Friday, January 15, 2010

Rheem Heat Pump Water Heater

I didn't know these existed, traditional water heaters work like a toaster, they have an electric heating element - essentially a resistor that turns electricity into heat. But this unit works on the same principle as your refrigerator but in reverse. In your refrigerator, the system takes the heat inside the unit and dumps it out into the room and in the process cools your milk.

In this Hot water heater, it takes the heat in the room and dumps it into the water. It is twice as efficient as a standard hot water heater. They claim that will save about $286 per year on your electric bill. The problem as I see it is that the unit costs $1500 not including tax and installation. It is eligible for a 30% tax credit (so you'll save $500). I believe that makes it 3.6 years to payback its cost not counting installation costs.

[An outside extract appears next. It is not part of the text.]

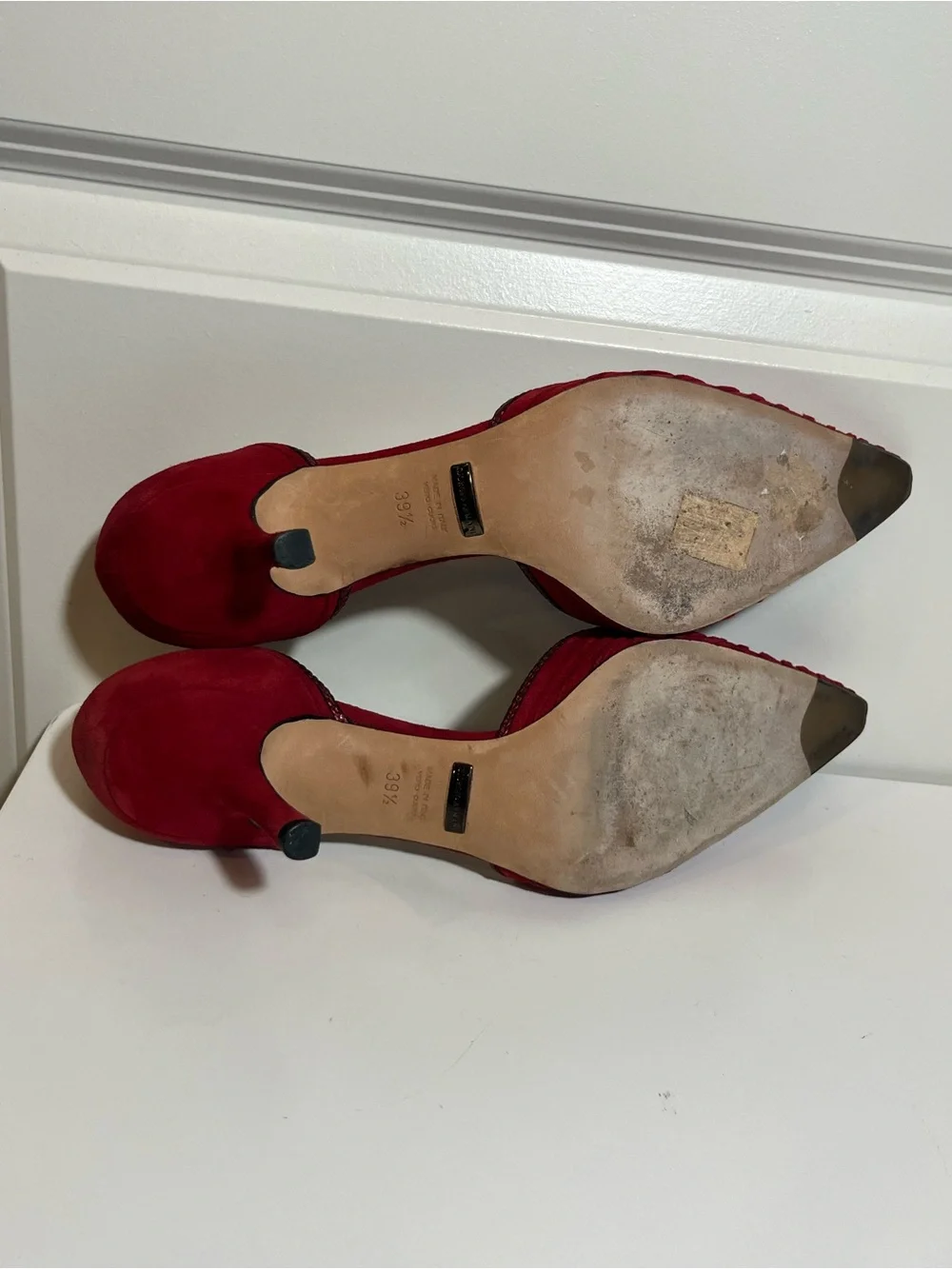 Giorgio Armani Red Suede Pointed Toe Heels Intricate Braided Detail US Size 9.5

Since these have very similar 'guts' to a refrigerator, I would expect it to last just as long. I think when our water heater dies, we'll replace it with one of these.

Thursday, January 14, 2010

Sock Box Progress

I went to Lowes and bought Oak Plywood and an Oak Board. There were 2 sheets of 2' x 2'x 1/2" and I also bought a sheet of 2' x 2' x 3/4". The Board was 1/2"(actual) x 6" x 9'. I cut the 1/2" plywood to produce 3 boards that were 1' x 2' and 2 boards that were 1' x 1'. I also cut out a 1' x 2' board out of the 3/4" plywood. I used a dado blade to cut "teeth" on the 1' sides of the longer boards. I was cutting 1/2" deep, so that the boards would sit inside each other. I had the dado blade set up to be 3/8" wide and I was hoping to have a 3/8" cut then a 3/8" uncut area alternately down the side of the baord. In reality, my jig wasn't very accurate, so when I cut the smaller boards, I had to transfer the measurements from the other boards and cut them to fit.

Here you can see the boards cut, but not yet glued. Also in the picture you can see the 1' x 2' board that will be the lid and the 1' x 2' x 3/4" board that will be the base.

I cut two 9 inch pieces of the board for the top so they were 1/2" x 6" x 9". Then I cut a 6 inch piece off the board for the handles 1/2" x 6" x 6". This was cut into 1" strips 1/2" x 1" x 6". Two of those strips were routed on all four 6 inch sides. The other 4 strips were routed on two of the long sides. The remaining board got cut into three long strips. The first strip was 3" wide, the second strip was 2" wide, and the final strip was 1" wide. I then routed a profile onto the two wider strips. The original was just an angle cut, but I used a 3/8" roundover bit set deep enough to produce a little shoulder. The long strips were cut into 4 pieces and they were overly long so that I could cut them more precisely with the miter cuts for the corners. I knew I needed the two longer pieces to be at least 25 inches (24 inches plus 1/2" extra on either side) and the two shorter pieces to be 13 inches long (12 inches plus 1/2" either side). Here's a picture of the top pieces, trim pieces, and handles.

I wanted a deep red color to the oak, so I used Minwax Sedona Red for the stain, then Minwax Fast Drying Polyurethane to protect it. The color came out nice, but I would have prefered something a bit more red.

The trim pieces and handles were all glued on using Titebond III glue. The horizontal pieces of the handle were screwed on. I also used screws on the top pieces, but that forced the top pieces off the lid, so I wouldn't do that again. I placed hinges on the lid and attached it to the bottom half, but it wasn't exact, so I had to break out the chisels to open up the top a bit in areas so that it would smoothly open and close. The final touch was to cut out the copper for the edges and nail them in place with 1/2" copper tacks. Here you can see the copper added.

If I was to do this again, I would redesign the handles to make them stronger. I was definitely unhappy with the way they came out. Also, when cutting the dado's in the earlier stage of construction, I would definitely go with wider cuts, 1/2" deep by 1" or 2" wide. I would also search for a better way to make the copper pieces. I used a pair of scissors and freehanded the cuts except for the complicated cuts. In that case, I cut one and traced it onto the other pieces. Here's where I got the copper sheet and tacks. I used the 10 mil sheet. I was afraid the oils on my skin would discolor the copper, so I used rubber gloves whenever I had to touch the copper. I coated the copper with Polyurethane as soon as possible so that it would stay copper colored.